Why the Focus on Client-Side Problem Solving?
The IT industry is moving past the experimental phase of AI. Clients are no longer just asking for AI capabilities; they are demanding measurable business outcomes. Almost every client conversation and deal now has an AI component, according to TCS leadership. This requires a different skillset. It's one thing to build a powerful algorithm, but it's another to understand a client's unique operational environment, identify a business problem, and then tailor and deploy an AI solution that delivers efficiency or growth. TCS has stated that deep knowledge of the customer's environment is the key differentiator. This shift is also a response to investor concerns that AI could reduce demand for traditional IT services. By focusing on high-value, client-facing deployment services, TCS is positioning AI as a growth engine, not a threat to its business model.
The New AI Skillset in Demand
For tech professionals in India, this trend redefines what it means to be 'AI-skilled'. While foundational technical skills like Python, machine learning algorithms, and deep learning expertise remain crucial, they are now just the starting point. The new emphasis is on a blend of technical and business acumen. Professionals need to be adept at 'business problem framing'—the ability to translate a commercial challenge into a technical specification that an AI can solve. Other emerging roles TCS has highlighted include prompt engineering, AI model testing, and AI life-cycle management. The ability to work with various AI models—from expensive frontier models to more cost-effective open-source options—and select the right one for the right workload is a critical value-add. Furthermore, as AI becomes integrated into business operations, skills in AI governance, security, and responsible deployment are becoming top priorities for enterprises.

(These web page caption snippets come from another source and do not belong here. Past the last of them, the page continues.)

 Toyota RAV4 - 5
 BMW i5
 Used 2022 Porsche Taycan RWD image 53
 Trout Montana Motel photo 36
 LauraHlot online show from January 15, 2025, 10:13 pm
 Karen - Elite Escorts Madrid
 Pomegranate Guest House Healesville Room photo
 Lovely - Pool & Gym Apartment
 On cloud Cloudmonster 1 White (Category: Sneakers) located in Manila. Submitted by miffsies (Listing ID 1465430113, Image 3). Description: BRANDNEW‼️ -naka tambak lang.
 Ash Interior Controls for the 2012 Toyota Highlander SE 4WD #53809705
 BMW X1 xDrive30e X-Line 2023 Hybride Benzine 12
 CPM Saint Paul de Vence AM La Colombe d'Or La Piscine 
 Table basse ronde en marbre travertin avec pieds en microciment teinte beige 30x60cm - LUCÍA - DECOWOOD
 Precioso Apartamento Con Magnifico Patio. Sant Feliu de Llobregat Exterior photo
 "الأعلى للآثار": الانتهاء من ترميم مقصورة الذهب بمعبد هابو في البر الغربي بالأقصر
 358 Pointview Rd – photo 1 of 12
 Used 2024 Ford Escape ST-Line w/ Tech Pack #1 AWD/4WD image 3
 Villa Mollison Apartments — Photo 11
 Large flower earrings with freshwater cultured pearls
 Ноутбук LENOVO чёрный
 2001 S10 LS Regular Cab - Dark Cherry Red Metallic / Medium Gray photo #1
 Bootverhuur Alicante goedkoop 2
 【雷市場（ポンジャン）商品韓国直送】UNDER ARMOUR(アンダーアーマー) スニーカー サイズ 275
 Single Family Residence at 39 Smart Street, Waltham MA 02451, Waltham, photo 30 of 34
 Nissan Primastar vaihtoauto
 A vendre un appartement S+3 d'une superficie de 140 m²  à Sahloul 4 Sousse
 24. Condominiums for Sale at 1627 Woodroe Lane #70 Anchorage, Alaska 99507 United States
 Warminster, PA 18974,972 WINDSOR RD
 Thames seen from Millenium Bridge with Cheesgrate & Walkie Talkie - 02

What This Means for India's Tech Professionals
The message from TCS, India's largest software services firm, is clear: the path to a successful career in AI now runs through business application. For engineers and developers, this means looking beyond the code and understanding the 'why' behind the 'what'. Building a portfolio that showcases real-world problem-solving—even on a small scale—is more valuable than ever. While TCS has reassured that AI will augment, not replace, its workforce, it has also stated that the historical link between revenue growth and headcount will break. Value will be measured by productivity gains and innovation. To support this transition, TCS is investing heavily in its workforce, spending approximately $1 billion annually on talent development, upskilling, and making AI accessible internally. This signals a massive opportunity for professionals willing to evolve, adapt, and combine their technical prowess with a consultant's mindset to become the client-side AI problem solvers of tomorrow.